| DATA EXTRACT |
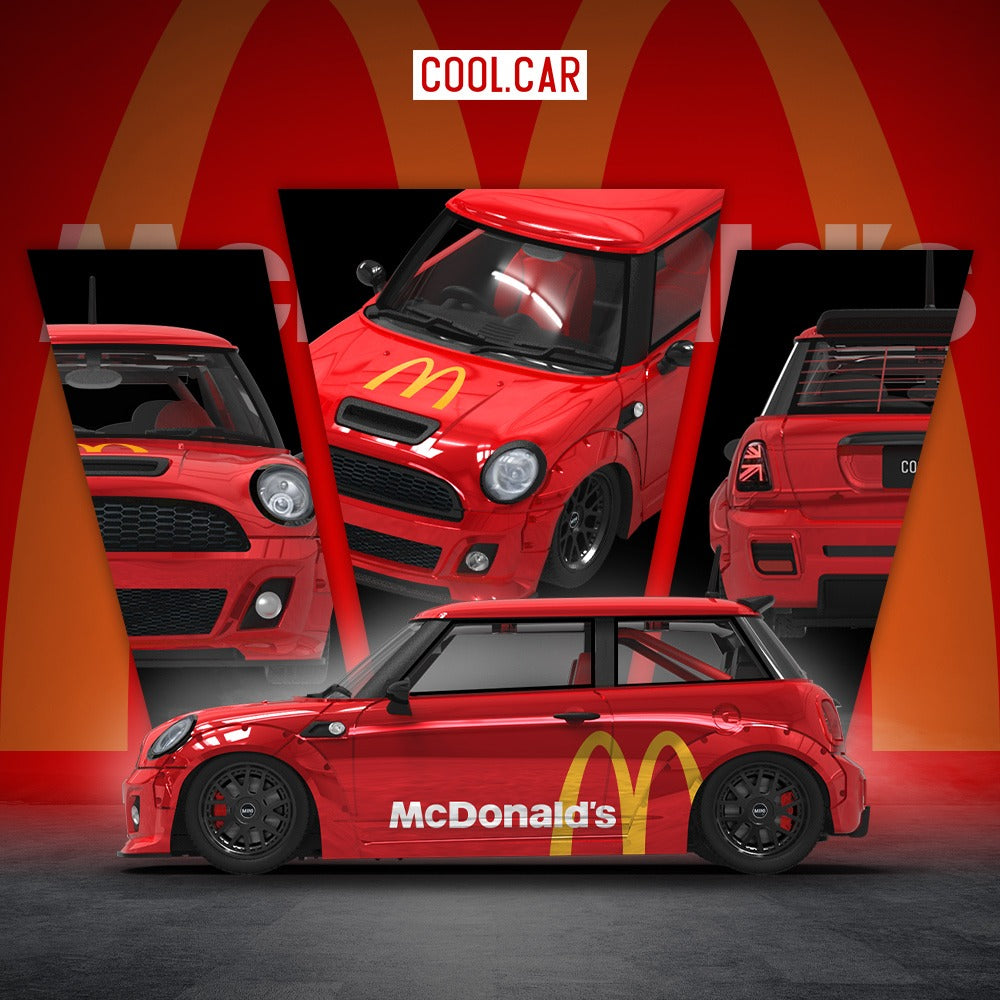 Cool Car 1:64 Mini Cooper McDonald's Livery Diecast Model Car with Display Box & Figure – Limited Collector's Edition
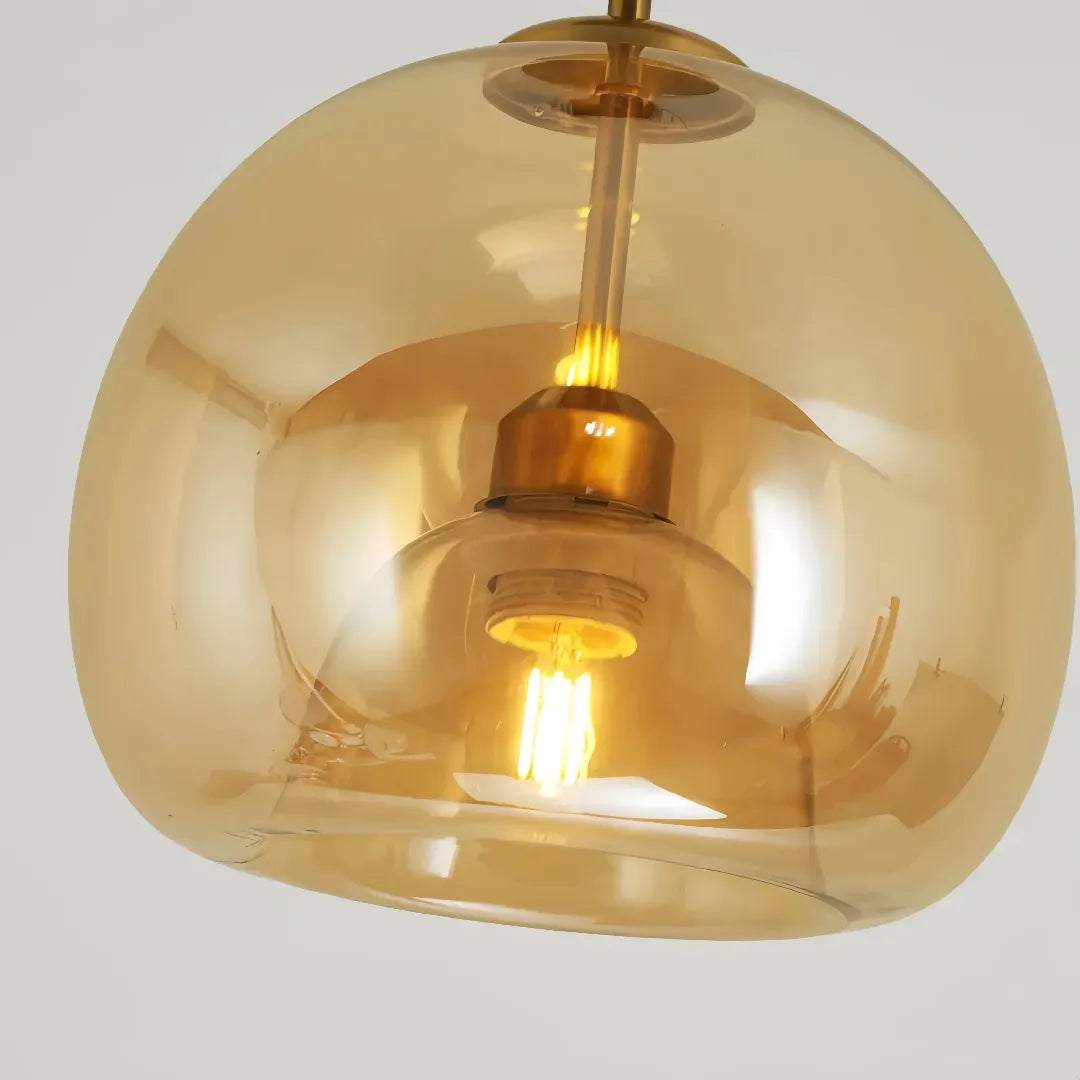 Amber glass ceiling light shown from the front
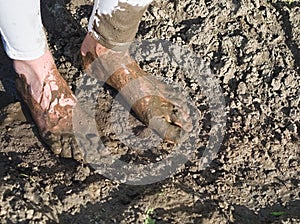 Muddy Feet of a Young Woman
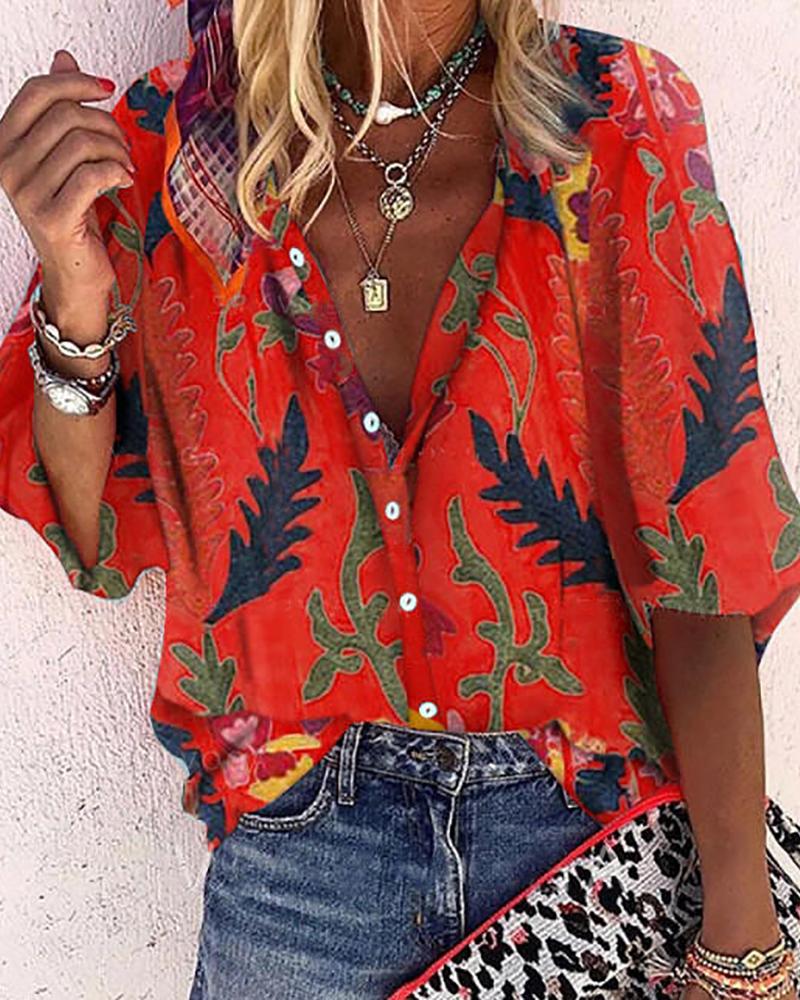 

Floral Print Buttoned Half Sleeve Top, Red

| EXERCISE DETAILS |
Retype the data above as given, letting no picture into the copy.

| EXERCISE ANSWER |
 Cool Car 1:64 Mini Cooper McDonald's Livery Diecast Model Car with Display Box & Figure – Limited Collector's Edition
 Amber glass ceiling light shown from the front
 Muddy Feet of a Young Woman

Floral Print Buttoned Half Sleeve Top, Red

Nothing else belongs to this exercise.